Life
by Aristotle Georgeson on November 2, 2012

7. Hurricanes
I have been in 5 hurricanes (one category 4) and it’s important to know they are extremely scary. BUT, we have the ability to predict when and where a hurricane is going to hit, so unless you are completely inept, there is plenty of time to prepare as best as you can for the 100+ MPH and possible flooding. I understand that sometimes you can’t prepare for everything (ie. Katrina), but you have a very fair chance at withstanding a hurricane. The bonus of this natural disaster is that once it’s over and no one has power, there is plenty of time to DRINK! There’s nothing like a hurricane party to lighten the mood after losing all your patio furniture; plus after everyone is wasted you can be the coolest one at the party by announcing to everyone that it just became a SLURicane party!

6. Tsunamis
After the devastation that we saw Japan go through last year, I think we can all agree that Tsunami’s are no friend of humanity. The reason why it’s number 6 on this list is because of a tsunami’s predictability and the fact that it’s not the 200 ft. monster wave that everyone always pictures when they hear the word tsunami. I’m by no means saying I wouldn’t shit my pants if I knew a tsunami was heading my way, but I would be shitting them way harder if I knew a giant, unstoppable 200 ft. wave of doom was headed my way.

5. Volcanic Eruptions
Death by lava? Thanks, but no thanks! All I can think about when I picture dying in a volcanic eruption is the lava slowly crawling over the scared, fetal position that my body would be in. Then in 1000 years when they dig up the ruins they would find my charred body and realize that I shit my pants 4 times before I died. Absolutely HUMILIATING! Though somewhat predictable, the sheer power and disturbingly hot contents of a volcano make it #5 on my list. 

4. Tornadoes
Tornadoes are probably the coolest natural disaster if you like to watch cows getting hurled through the air and then slammed into the side of a doublewide. Seriously though, there’s not a whole lot in the world scarier than a tornado. Imagine 200+ MPH winds ripping through your living room and throwing you across the county in the blink of an eye. Can’t imagine it? Didn’t think so. The body cannot comprehend the force of a tornado and the fact that we can’t definitively say where it’s going to touch down makes it even scarier. I’m just really glad that I don’t live somewhere that tornadoes regularly spawn because, it would be awful to end up like the Dad in the opening scene of Twister.

3. An Epidemic
Based solely on the movies I’ve seen about epidemics, sick people + no cure = widespread panic and a massive death toll (possibly zombies depending on the sickness). Plain and simply it would suck (way more if zombies were a result). What’s terrible about an epidemic, more so than any other natural disaster is that you may not even die from the virus, other humans battling for the antidote could be the end of you (or zombies if it’s that kind of virus). Plus the desperation, I couldn’t even imagine having a sickness and knowing that it would ultimately kill me or turn me in to a zombie thing. Even if you weren’t sick, it would be a constant state of paranoia that at any moment you could, “Get down with the sickness” (Really excited about including that Disturbed reference). That alone would be enough to drive a sane person totally mad. Let’s just make sure that this doesn’t happen by taking plenty of vitamin C and wearing condoms.

2. Earthquakes
There’s something about the earth shaking unpredictably and splitting open that doesn’t sit well with me.  The fact that it can happen with no warning at all is what makes an earthquake so scary.
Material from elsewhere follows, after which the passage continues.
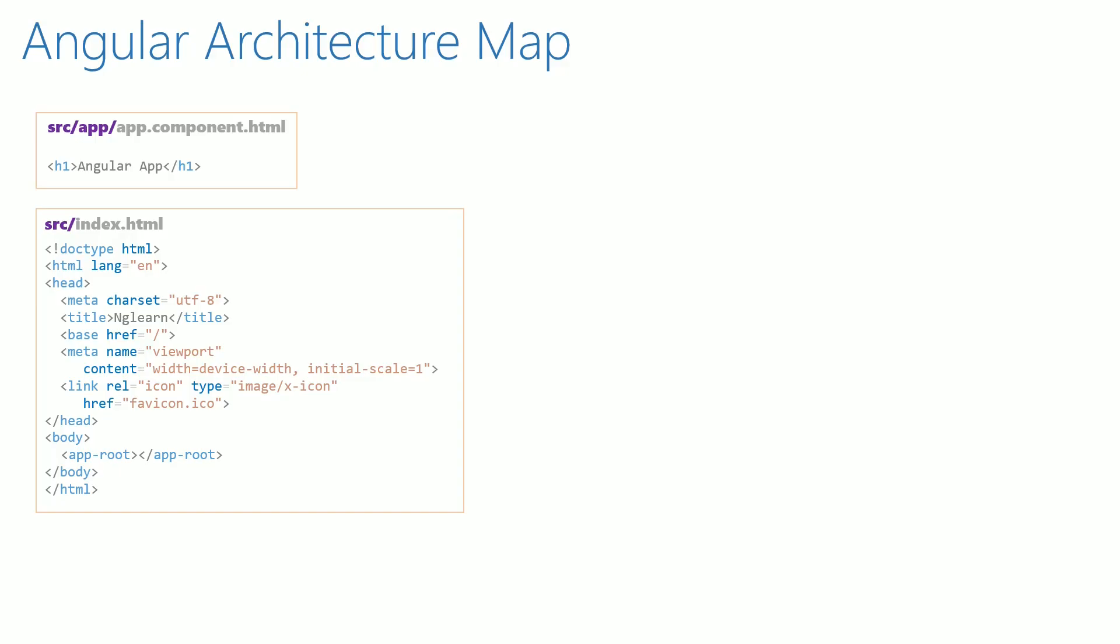In this video, we will understand how content from app.component.html got included into the app-root tag.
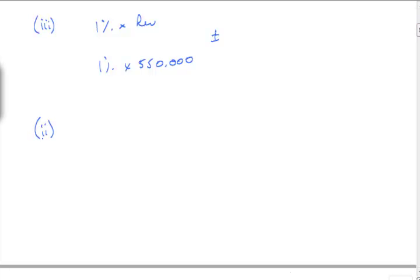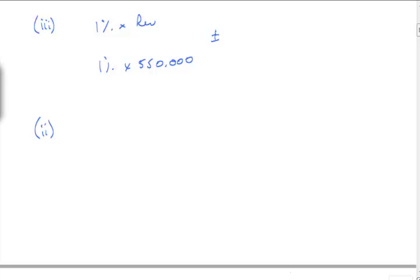Point number 2, now we're getting into complications. On the 1st of October, six months into the year, we terminated production of one of our product lines. From this date, the plant used to manufacture the product has been actively marketed at an advertised price of 4.2, which is considered realistic. It is included in the trial balance at a cost of 9 with accumulated depreciation at 1st of April of 5 million.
Imagine being out one day, maybe you’re walking the dog and all of sudden; everything around you starts shaking, you see a building collapse in the distance and boom, you fall in a crevice never to be seen again. That is so terrifying! Almost as terrifying as actually watching a building fall on you because some magnitude 8 earthquake decided that Friday at 4 PM the exact tune you chose to walk your dog was a good time to strike without warning. With its unpredictability and its destructive power, the earthquake is the 2nd scariest natural disaster on my list.

1. Deep Impact
This is what killed the dinosaurs’ folks, it was the first Armageddon the world had ever experienced and maybe we won’t see it in our lifetime, but it will probably be the cause of the next one too. While it’s unlikely that we wouldn’t notice a giant asteroid heading to the earth at ungodly speeds, it is also unlikely that we’d actually be able to stop it. Sure we could shoot big ass missiles at it, but until we’re in the situation, who knows if it would halt the impending doom that a huge asteroid would surely bring. The anticipation of knowing that something was about to destroy the world and not being able to do anything about it would be the most helpless feeling ever. There might be a mass hysteria (which would suck) or a giant orgy (which would be kind of cool), but regardless of how we handle the idea of certain death, the impact of a giant asteroid would end it for all of us. The thought of our existence being wiped out is what makes ‘Deep Impact’ the scariest natural disaster in the world… or should I say, The GALAXY.